Impressions after a few days at work

My office
Woo hoo, I have a job!

A few short impressions from 2.5 days of work:

  • The drive sucks. It’s about an hour and forty minutes each way, and today it was snowing so it was a bit longer. I’m going through a tank full of gas every two days, which even with a Prius seems expensive. They told me in the interview I’ll be able to start working from home soon, so I’ve got to get that set up.
  • The construction trailer I work in sucks. I sit next to the door, and it’s cold and drafty, even when people remember to close it behind them. Right behind me is a meeting room with paper thin walls where everybody uses the speaker phone. Worse still, the heater outlet is there so most times when the meeting is on, people turn off the heater. If we’re lucky, they remember to turn it back on afterwards, but yesterday we didn’t discover that nobody had turned on the heater until my toes were about to drop off.
  • My computer has two screens. I had two big screens when I was at Kodak, and I’d forgotten how useful that is when you’re programming to be able to devote an entire screen to Eclipse while you used the other window for running the app, as well as other web browsing and the like. As soon as I have my first paycheck, I think I’m going to buy a cheap LCD panel for my home office.
  • The pace is hectic. My supervisor never has time to show me anything, but he’s expecting results immediately. That can be frustrating. On the other hand, it’s good to have something to do and a project where things actually happen.
  • They wrote their own web framework. As if the world doesn’t have enough Java web frameworks, they wrote their own. And it has its good points and bad points. Each page starts with an XML page description document and an XSLT document. But it’s not what you think – the XSLT document doesn’t process that page description document. Instead, the page description document specifies the Java beans that either produce or consume nodes in a different XML document, which the XSLT document then processes into an HTML page. The forward and back buttons on the browser don’t work on many of their pages, for reasons I don’t entirely understand yet. They use Javascript a lot. I’m going to come out of here with a lot of experience in XSLT and JQuery, I hope.
  • The company seems equally split between people who are friendly and helpful, and people who refuse to look up when you speak to them. Fortunately it appears I’m mostly going to be working with people in the first category.
  • I’m genuinely getting a good feeling about working here. It’s such a refreshing change from the place I worked last winter.
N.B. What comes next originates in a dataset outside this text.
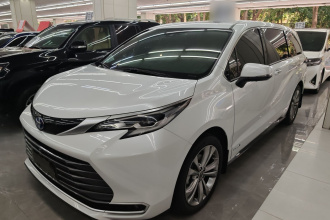 丰田 赛那SIENNA 2023款 2.5L混动 尊贵版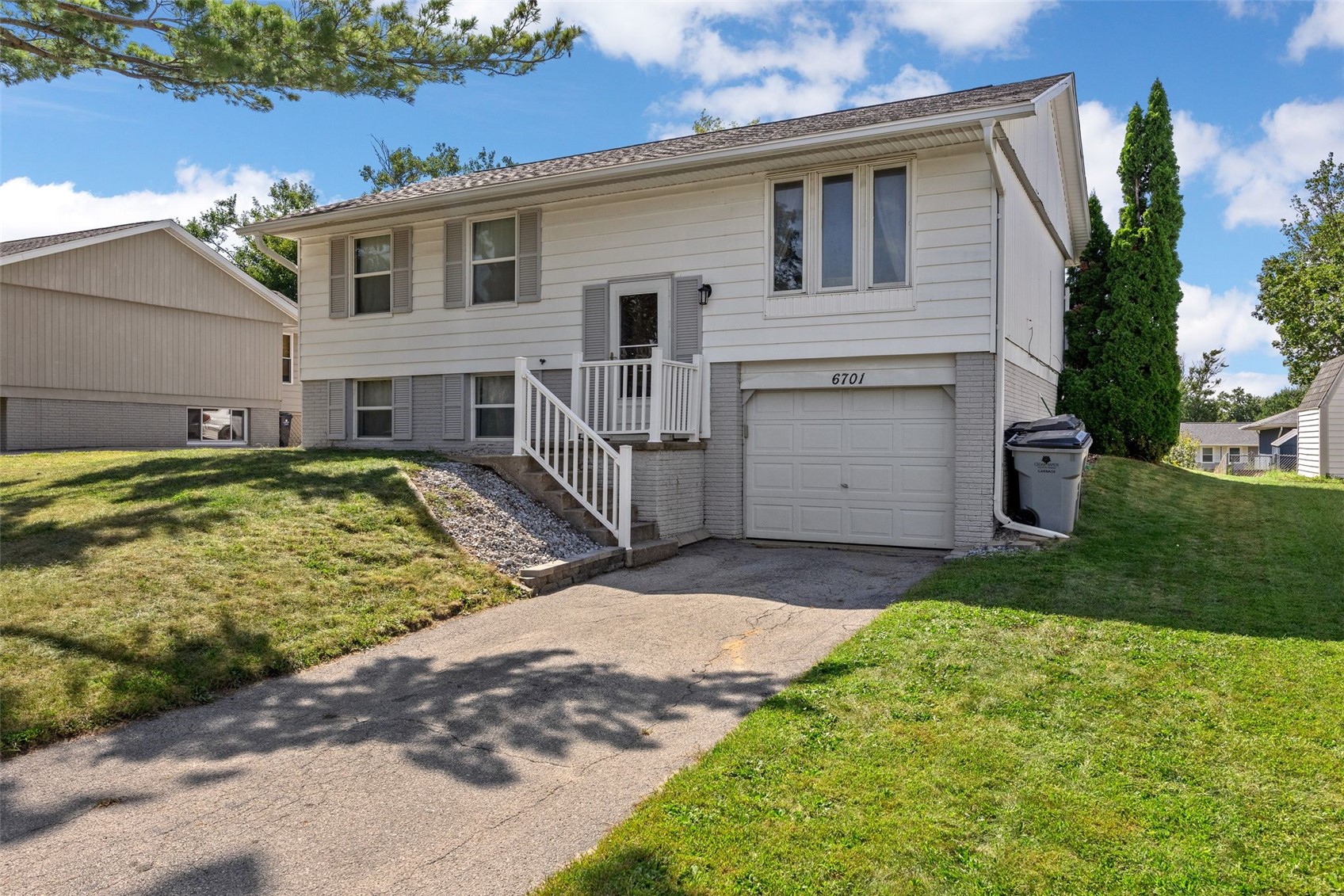 6701 Arbor Lane NE Cedar Rapids IA 52402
4 thoughts on “Impressions after a few days at work”

  1. Each page starts with an XML page description document and an XSLT document. But it’s not what you think

    This struck me as hilarious, because what I was thinking ran along the lines of, “Me duzzn’t unnerstan Xydoodahz. What Mr.OP kan bee thinks I thinks?”

  2. Forgot to say… the stuff I did understand sounded either already good or fixable when you work from home. I’m so happy you have a job and a good feeling about it.

  3. Is Thomas Brudlo in the Lorne Scot post the same Thomas that moved to Las Vegas a few years back, and worked at College of Southern Nevada? I hope not… our Thomas passed away last week due to a heart attack while he was jogging at the field on campus.

    Happy Holidays,
    Dan

  4. > people who refuse to look up when you speak to them

    Well that includes my manager at my current job. I guess it’s a valid management style from his point of view – “show them who is boss and who is not”. Business is going badly, but the average job retention for a boss is “only” two years here, and average job retention for a not-boss is over 5 years. So it can result in “sitting things out”.